Let the disemboweling begin.
Such is Dark Lover. I haven't any liking for the subgenre known as "paranormal romance". Frankly, I regard the entire field as twee and more than a little embarrassing even in the abstract. Sort of like Mills & Boon with fangs. But then, fangs ain't what they used to be. I prefer my vampires out of Bram Stoker, not Barbara Cartland. However, I was willing to set aside my dislike for the genre and judge Dark Lover as I would a bit of general fantasy fiction. Then I read the pile of... but I don't use that sort of language in a review. Let's give the paperback edition's blurb writer the honour of providing the synopsis:
In the shadows of the night in Caldwell, New York, there's a deadly turf war going on between vampires and their slayers. There exists a secret band of brothers like no other—six vampire warriors, defenders of their race. Yet none of them relishes killing their enemies, the lessers, more than Wrath, the leader of the Black Dagger Brotherhood....Four full stops in the ellipsis. Oh, dear. As a piece of sales copy, it's not bad. Not when you consider that it shields the potential reader from the awfulness of the novel like a yard of lead. This is the sort of book that has lines like:
The only purebred vampire left on the planet, Wrath has a score to settle with the slayers who murdered his parents centuries ago. But, when one of his most trusted fighters is killed—orphaning a half-breed daughter unaware of her heritage or her fate—Wrath must usher the beautiful female into the world of the undead....
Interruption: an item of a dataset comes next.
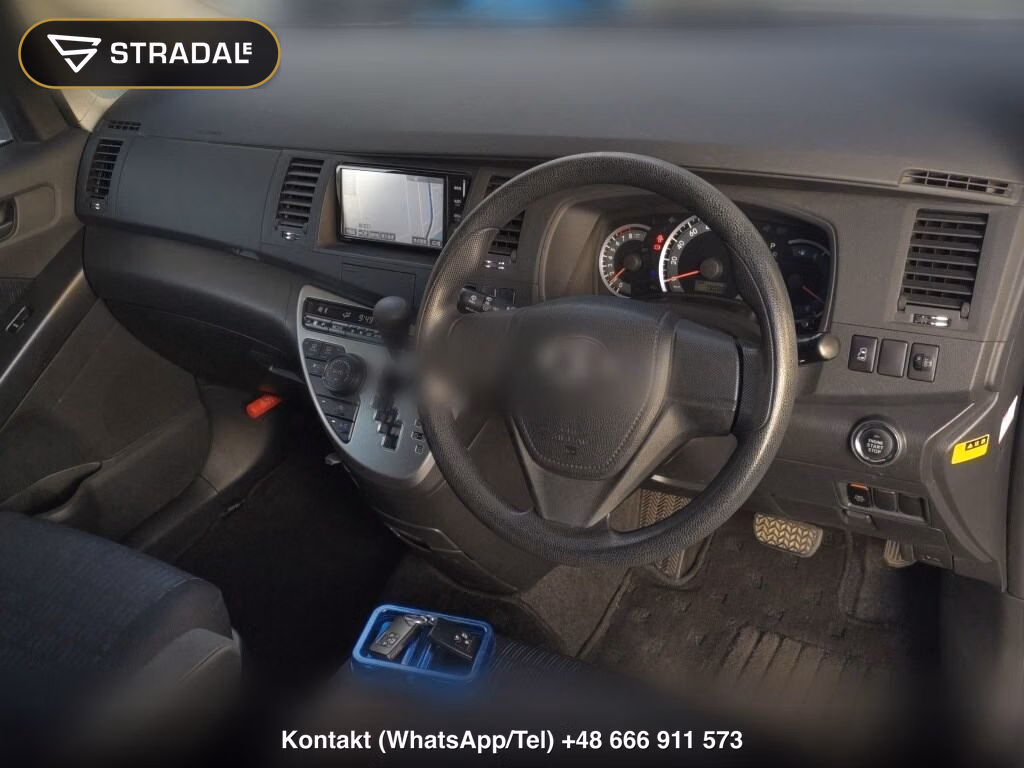 TOYOTA ISIS PLATANA, miniaturka 4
Racked by a restlessness in her body that wasn't there before, Beth Randall is helpless against the dangerously sexy man who comes to her at night with shadows in his eyes. His tales of brotherhood and blood frighten her. But his touch ignites a dawning hunger that threatens to consume them both....
Her core bloomed for him.I laughed so hard when I read it that I had to wipe the tears off my glasses. This is truly bad. Dark Lover isn't so much a novel as a roll call of clichés. Beautiful heroine whom everyone falls over like the lead character in Mary Sue fanfiction? Check. Lecherous boss so broadly stereotyped that he reads as if written in with crayon? Check. Tough-as-nails homicide detective who shows the perps how they do things downtown? Check. Hero with volcanic passions and a turbulent past only because the author says so? Check. Frat boy rapist straight out of that Duke University travesty? Check. Hero that makes Fabio in his prime look like Don Knotts? Check. Ludicrous underground vampire society? Check. Vampires who aren't really vampires? Check. Secret war between shadow armies? Check. Really, really bad sex scenes. Oh, boy, Check. Voldemort knock-off villain? Check. Plot so predictable that you can write the blurb before even turning the book over? Check and double check. There's even a character called "Mr X" for pity's sake! Check!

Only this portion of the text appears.